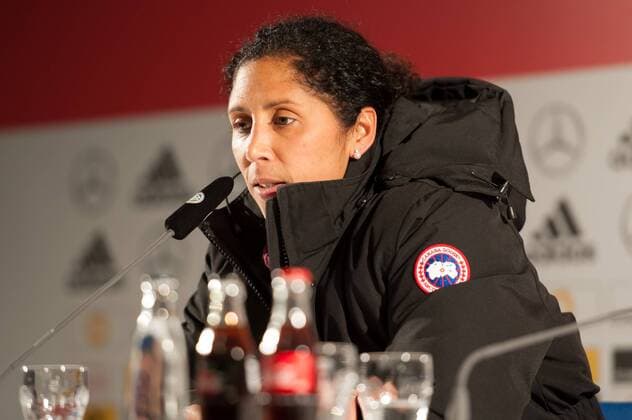 Bundestrainerin, Trainerin Steffi Jones (Deutschland) während der Pressekonferenz, at the press conference PK Pressekonferenz Fussball, Frauen-Länderspiel, Deutschland - Frankreich,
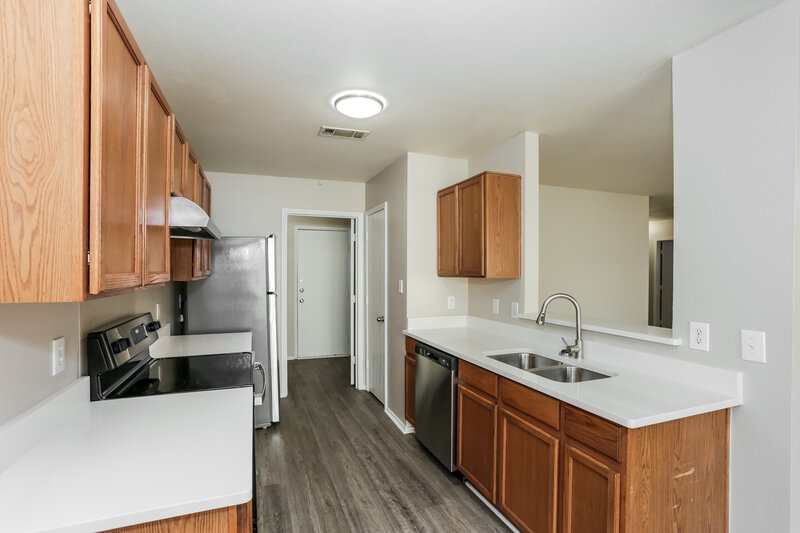 2,460/Mo, 2937 St David Dr Dallas, TX 75233 Kitchen View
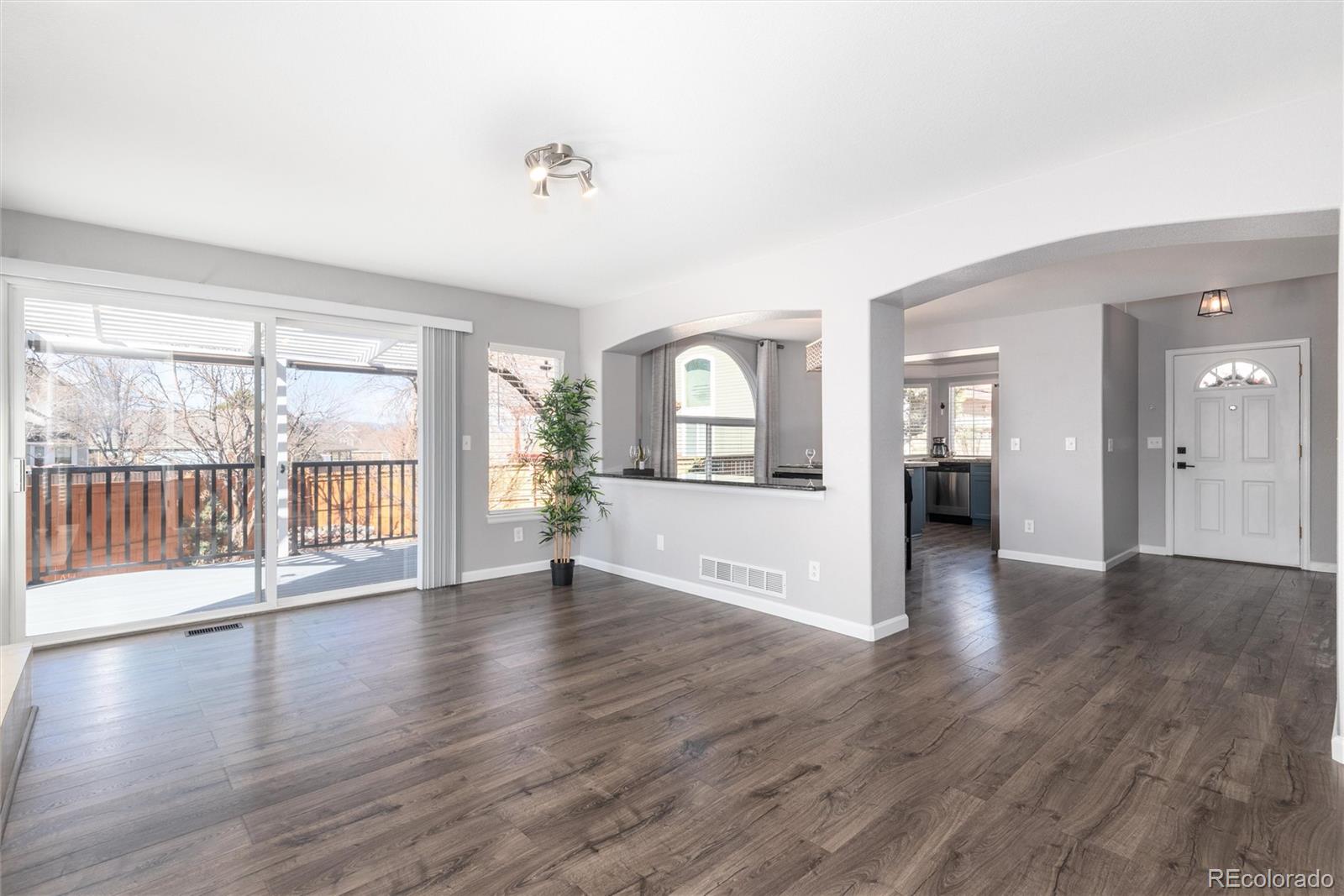 1494 Braewood Avenue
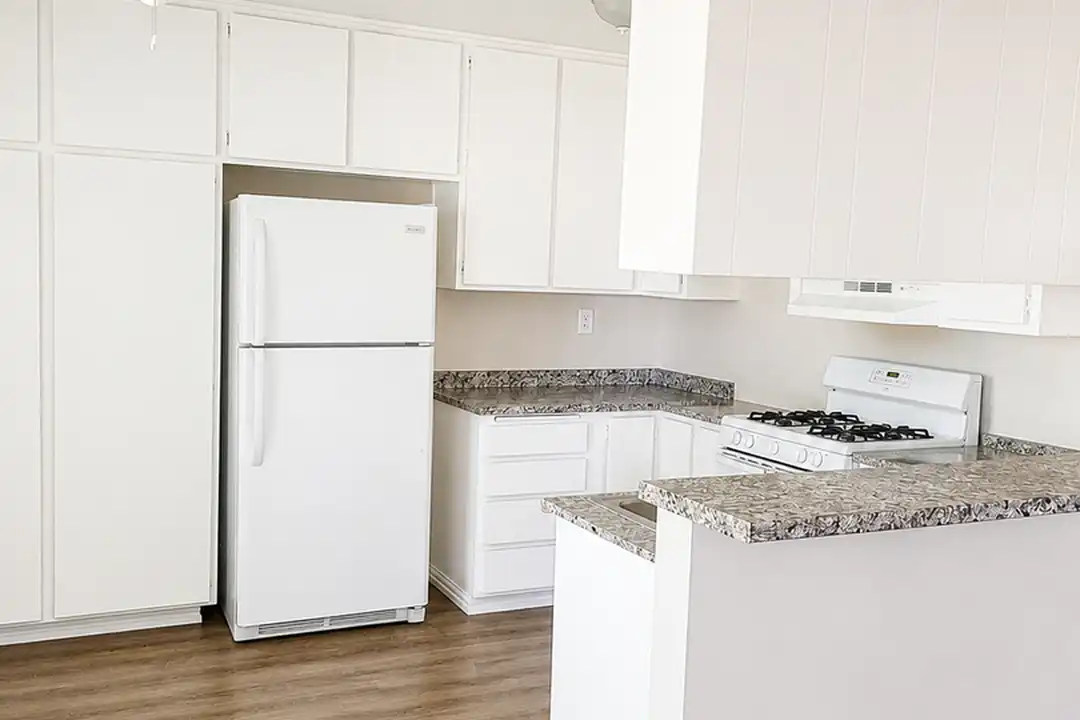 Apartment in Victorville - View 3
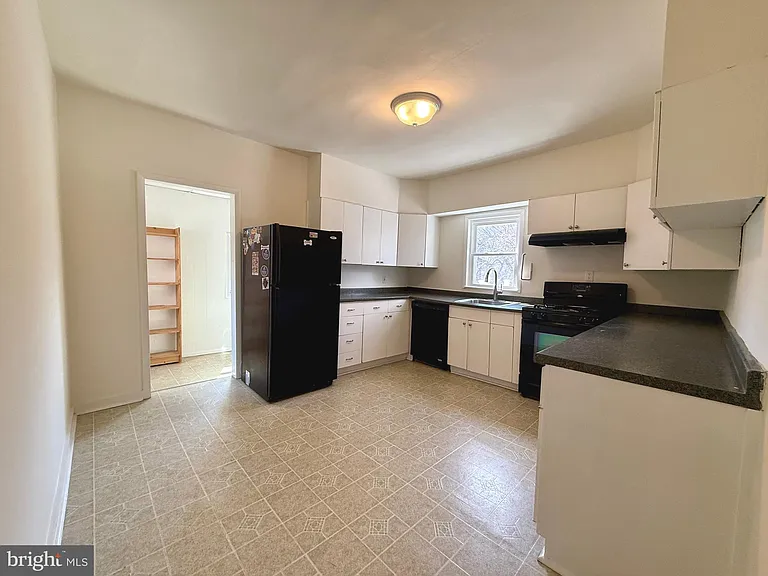 3632 Ash St — Photo 6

## Required action
Here the lines from the one containing "2,460/Mo, 2937 St" through the end of the material are to be copied exactly, with the pictures omitted.

## Exercise response
 2,460/Mo, 2937 St David Dr Dallas, TX 75233 Kitchen View
 1494 Braewood Avenue
 Apartment in Victorville - View 3
 3632 Ash St — Photo 6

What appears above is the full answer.